Molecular and Segmental Orientational Order in a Smectic Mesophase of a Thermotropic Ionic Liquid Crystal

Abstract

We investigate conformational dynamics in the smectic A phase formed by the mesogenic ionic liquid 1-tetradecyl-3-methylimidazolium nitrate. Solid-state high-resolution ¹³C nuclear magnetic resonance (NMR) spectra are recorded in the sample with the mesophase director aligned in the magnetic field of the NMR spectrometer. The applied NMR method, proton encoded local field spectroscopy, delivers heteronuclear dipolar couplings of each ¹³C spin to its ¹H neighbours. From the analysis of the dipolar couplings, orientational order parameters of the C–H bonds along the hydrocarbon chain were determined. The estimated value of the molecular order parameter S is significantly lower compared to that in smectic phases of conventional non-ionic liquid crystals.

1. Introduction

Ionic liquids that form ordered mesophases in temperature ranges between solid and isotropic liquid phases belong to a class of ionic liquid crystal (ILC) materials [1]. Molecules and ions in liquid crystals (LC) exhibit a high molecular translational and rotational mobility combined with orientational and positional order. The unique synergy of ionic conductivity and anisotropic nanoscale structure makes ILC materials in high demand in the development of low-dimensional charge transport technology and other applications [2].

Nuclear magnetic resonance (NMR) spectroscopy is widely used to study molecular conformational and rotational dynamics and orientational order in LC [3,4]. Site-specific information at the atomic level can be obtained by high resolution ¹³C NMR combined with selective suppression of spin interactions. Structural and order parameters are obtained through the measurements of orientation- and distance-dependent dipole couplings. Due to the orientational ordering, the dipolar coupling in mesophase is not averaged to zero, in contrast to isotropic phase. ¹³C–¹H heteronuclear dipolar couplings in LC are measured by two-dimensional (2D) separated local field spectroscopy technique [5].

The local bond order parameter S_CH characterizes the average orientation of the C–H bond to the LC director. The ratio of the residual dipolar coupling averaged by the anisotropic motion, to its unaveraged value provides the S_CH. For molecules with long hydrocarbon chains one can study a C–H bond order parameter profile, a variation of S_CH along the chain, which characterizes the average molecular structure in the mesophase [6,7,8].

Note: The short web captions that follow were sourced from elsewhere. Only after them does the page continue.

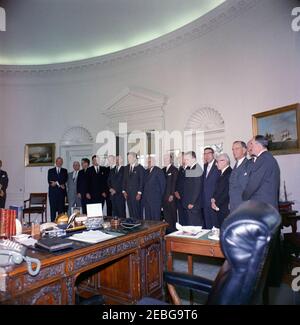 Vereidigung, General Advisory Committee of the Arms Control and Disarmament Agency, 12:18pm. Präsident John F. Kennedy (Mitte) und andere nehmen an der Vereidigung der Mitglieder des Allgemeinen Beratenden Ausschusses der Rüstungskontrolle und Abrüstungsagentur Teil. (L-R) nicht identifiziert (meist am äußersten Rand des Bildes versteckt), Direktor der Arms Control and Disarmament Agency (ACDA) William C. Foster, Präsident der American Federation of Labor and Congress of Industrial Organizations (AFL-CIO) George Meany, Dean A. McGee, ehemaliger stellvertretender Sekretär der US Air Force for Researc Stockfoto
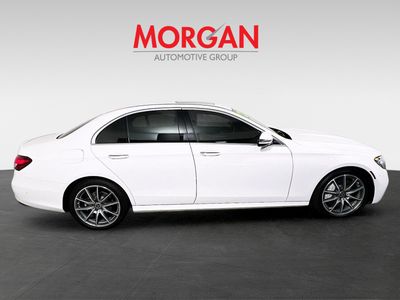 2022 Mercedes-Benz E-Class - Photo 2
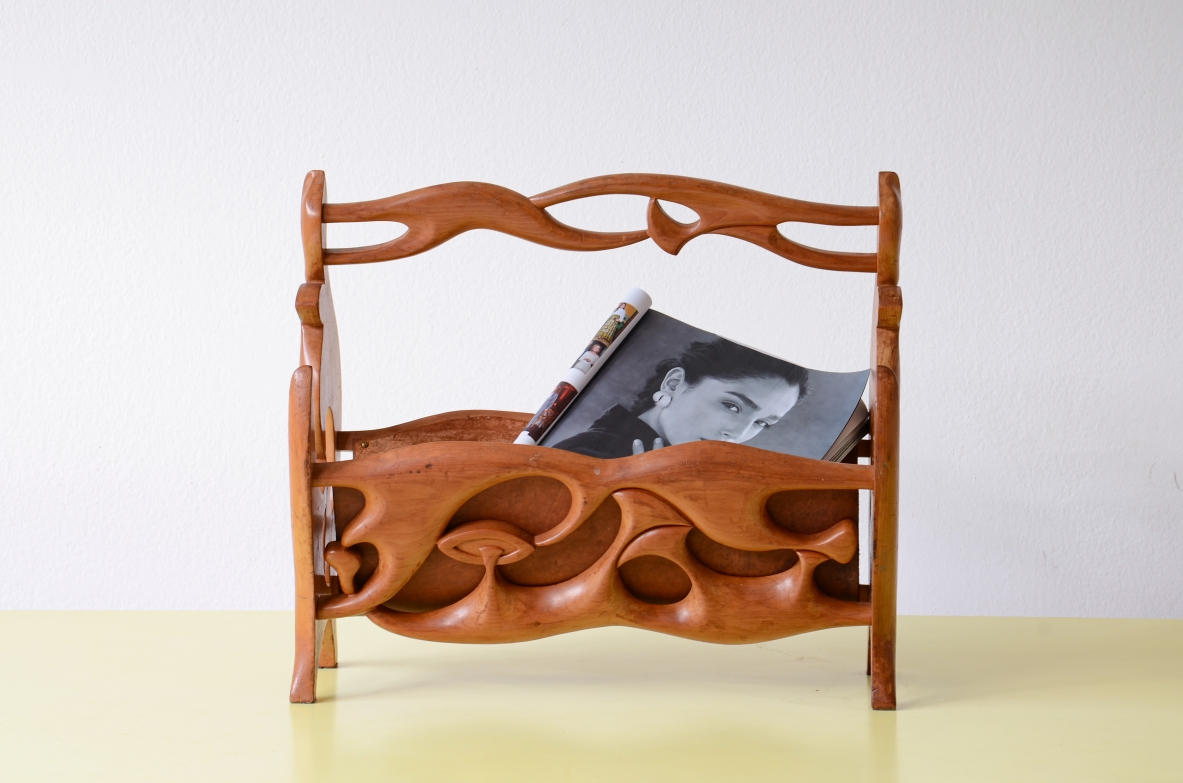 portariviste in legno di ciliegio intagliato e cuoio Liberty Art Nouveu, 1900ca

Here we investigate conformation and molecular order of organic cations in the smectic A phase of the mesogenic ionic liquid 1-tetradecyl-3-methylimidazolium nitrate (C₁₄mimNO₃) [9]. The sample forms interdigitated bilayer structures where the molecules, consisting of non-ionic and ionic non-miscible parts, phase-separate at the nanoscale. Relatively low transition temperatures between meso- and isotropic phases and a wide temperature range of the mesophase existence make this sample particularly suitable for preparing it both in un-aligned state and with director aligned with respect to external magnetic field. In the latter case, the sample is suitable for studies by high-resolution solid-state NMR at stationary condition (without sample spinning). We apply 2D ¹³C–¹H dipolar NMR spectroscopy to the Smectic A phase of the C₁₄mimNO₃ to quantitatively characterize the molecular dynamics. Based on the profiles of the order parameters obtained, we put forward a model for the motion of the organic cations in the bilayer of the smectic A phase.

2. Materials and Methods

The sample of C₁₄mimNO₃ (1-tetradecyl-3-methylimidazolium nitrate, CAS 799246-94-9) was obtained from Angene International and used as received. Water content in the sample was estimated to ≈1.0 wt.% from ¹H NMR spectrum recorded in the isotropic phase. No other significant impurity signals were observed. The sample exhibited the following phase transition temperatures: Isotropic $\stackrel{+129°\mathrm{C}}{\to }$ Smectic A $\stackrel{+43°\mathrm{C}}{\to }$ Crystal, as observed by recording proton NMR spectra. Transition temperature to the smectic phase is in agreement with reported phase diagram [9]. Slightly higher crystallization temperature compared to that determined by differential scanning calorimetry in [9] is presumably due to much slower cooling rate applied in our NMR experiments. Upon slow cooling from the isotropic phase in the presence of the strong external magnetic field, director of the smectic phase is aligned perpendicular to the magnetic field vector. Most of our experiments were performed in such an oriented sample. To produce random director orientation in the smectic phase, the sample was cooled from the isotropic phase while out of the magnet. Due to the high viscosity of the smectic phase, the domains of different orientations do not reorient when the sample in the smectic phase is placed in magnetic field.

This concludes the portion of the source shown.